═══ THE RECORDS ═══

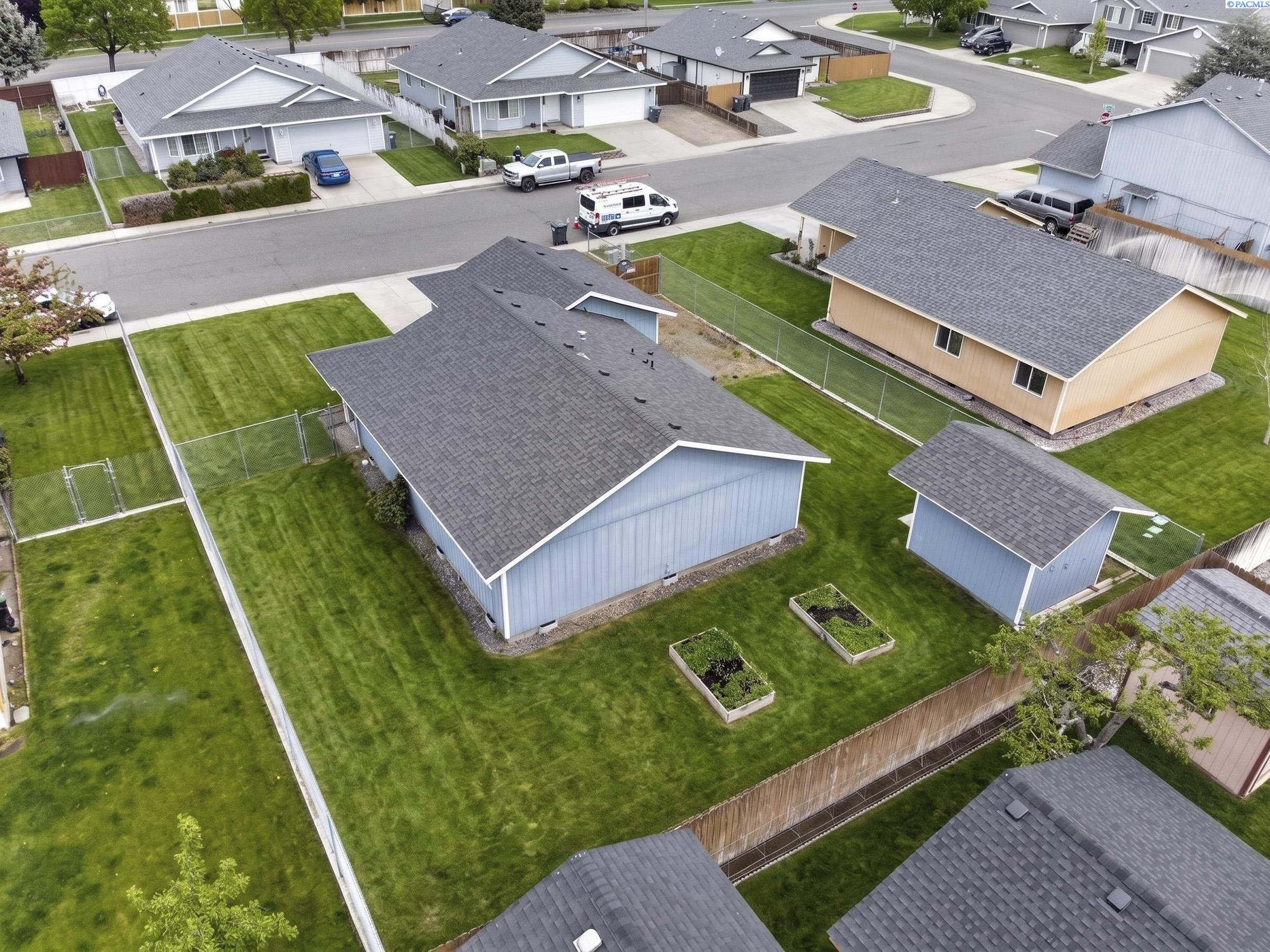 8212 Whidbey Dr, Pasco, WA 99301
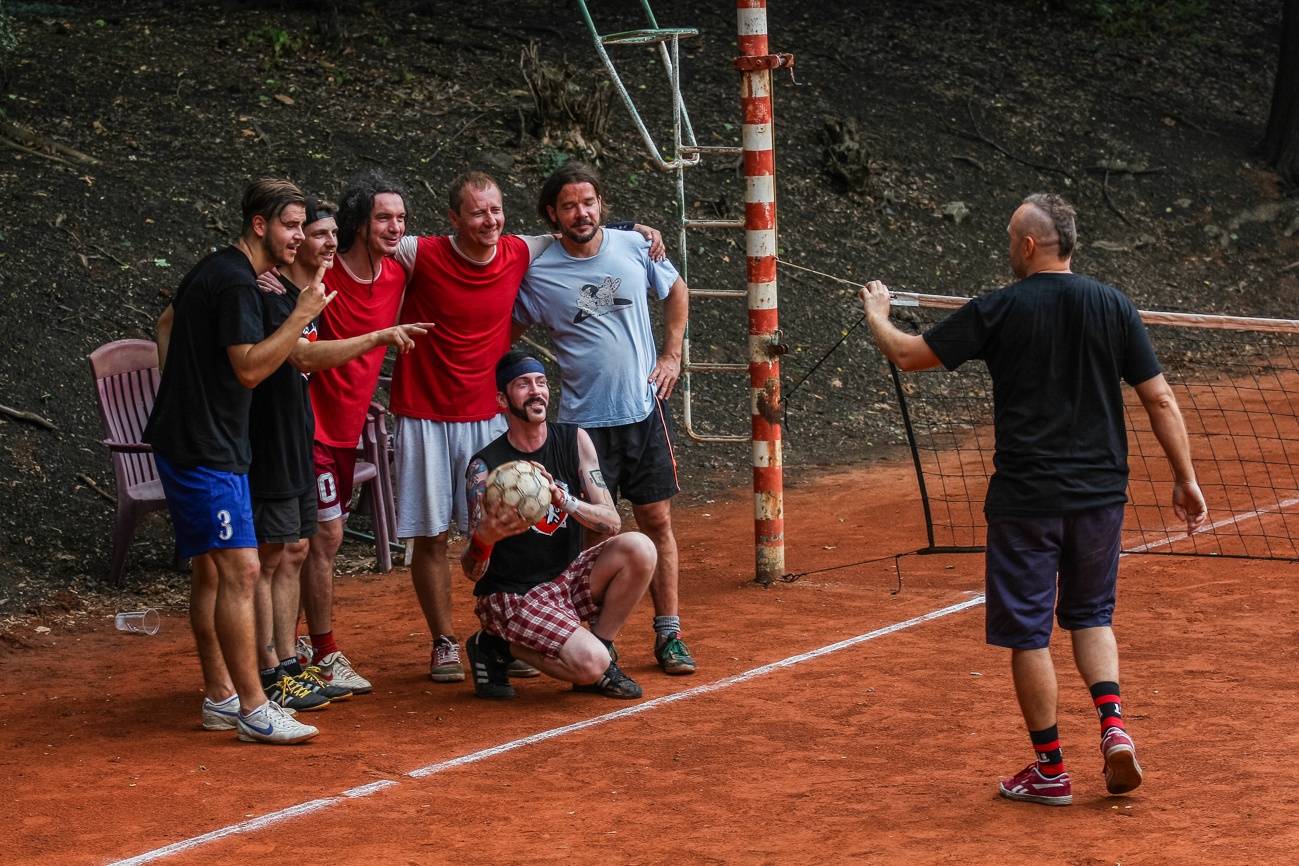 Pražský Festonda Cup: Wohnout, Imodium a spol. soutěžili v nohejbalu pro radost ze hry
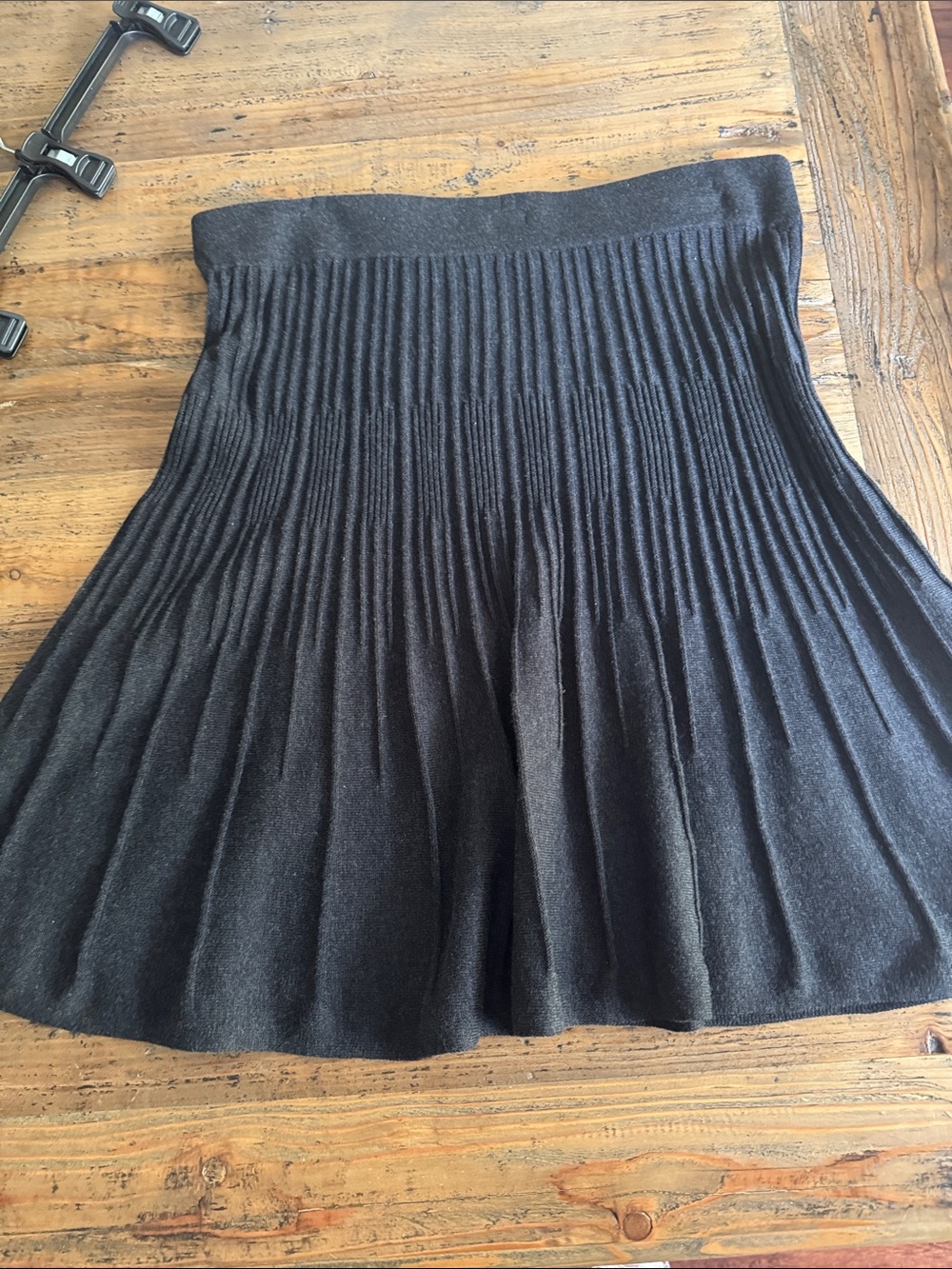CAbi dark gray/ Black Ribbed Circle sweater Skirt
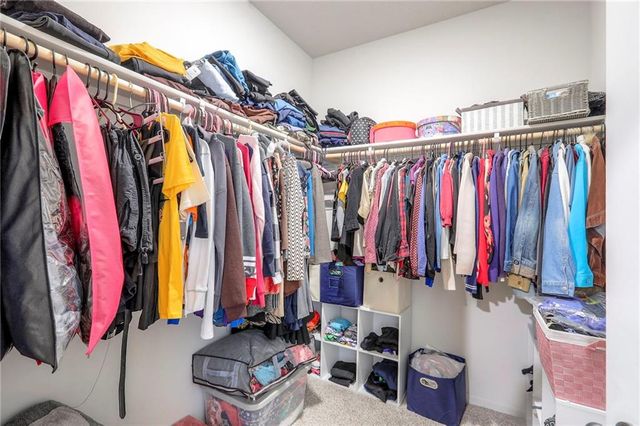 532 SE Reid Street, Blue Springs, MO 64014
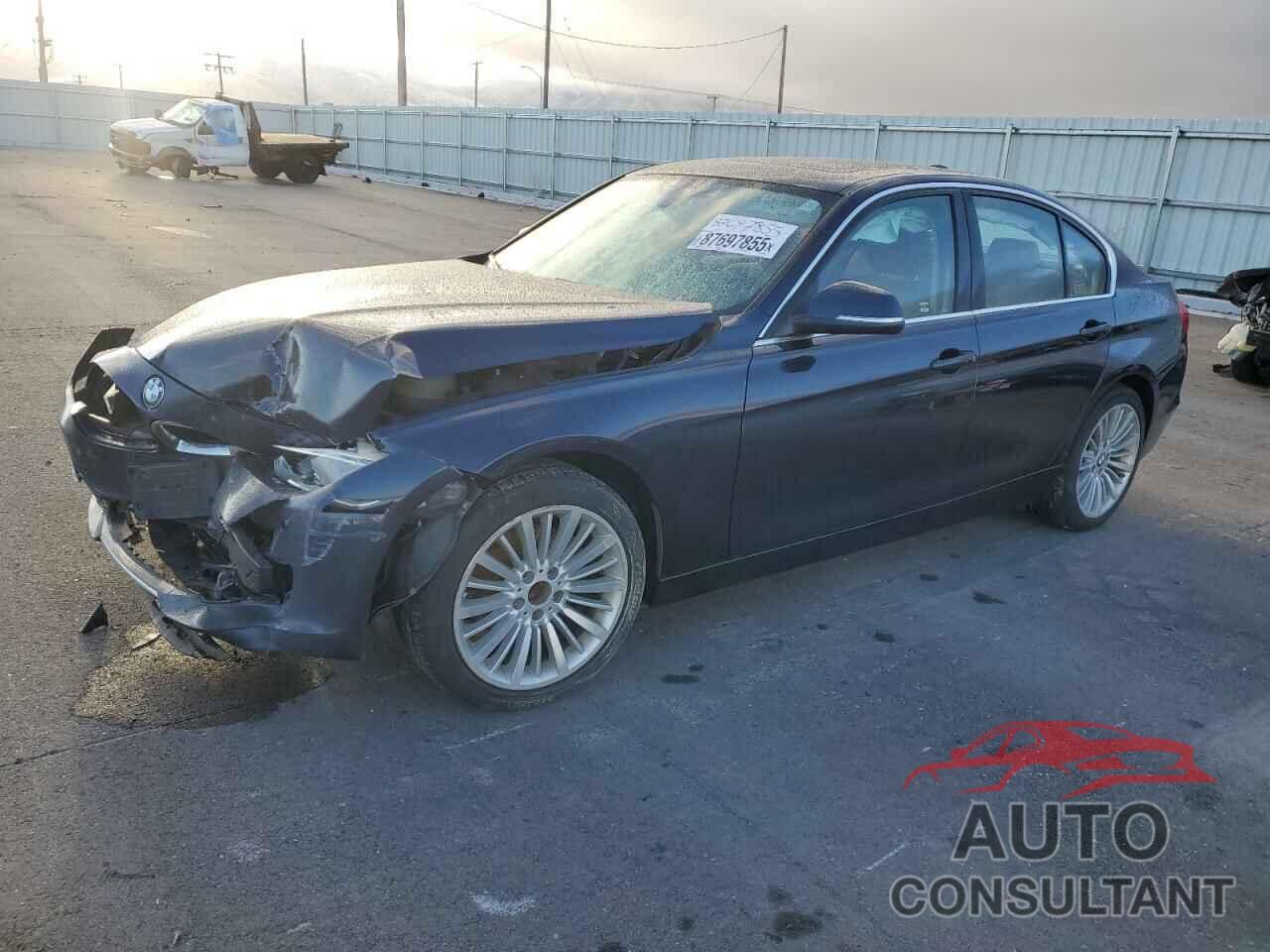 BMW 3 SERIES 2015 - WBA3C1C51FK124600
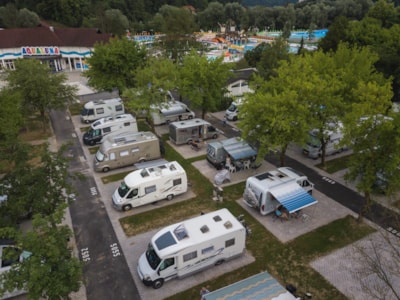Pitch + 1 car + tent , caravan or camping-car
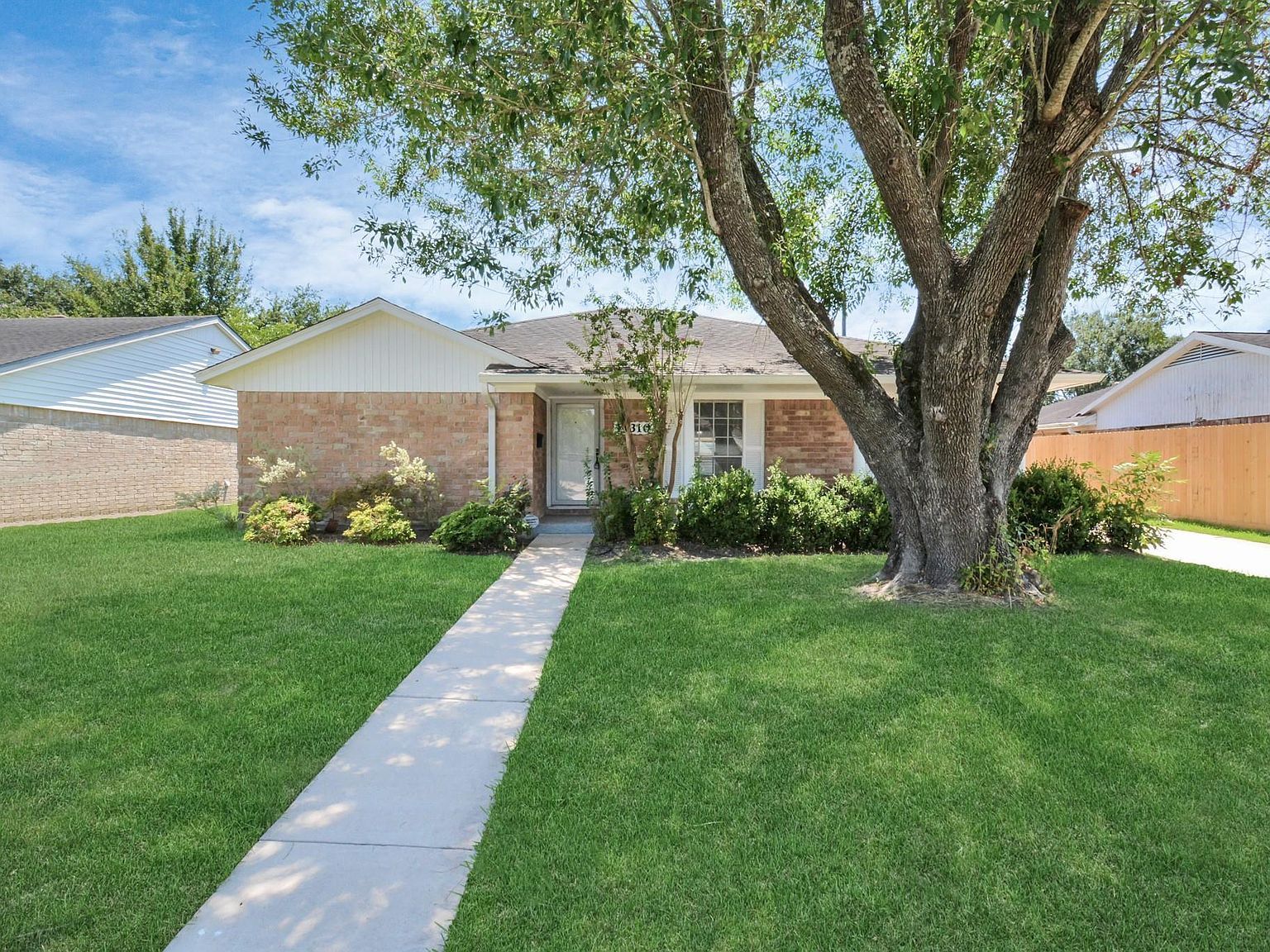 11310 Sagewind Dr Houston, TX 77089 - Thumbnail 3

═══

● REQUIREMENT:
Repeat nothing but the lines from the one containing "Pitch + 1 car + tent , caravan or camping-car" through the end of the entries, exactly, and skip the pictures.

● REPLY TO THE EXERCISE:
Pitch + 1 car + tent , caravan or camping-car
 11310 Sagewind Dr Houston, TX 77089 - Thumbnail 3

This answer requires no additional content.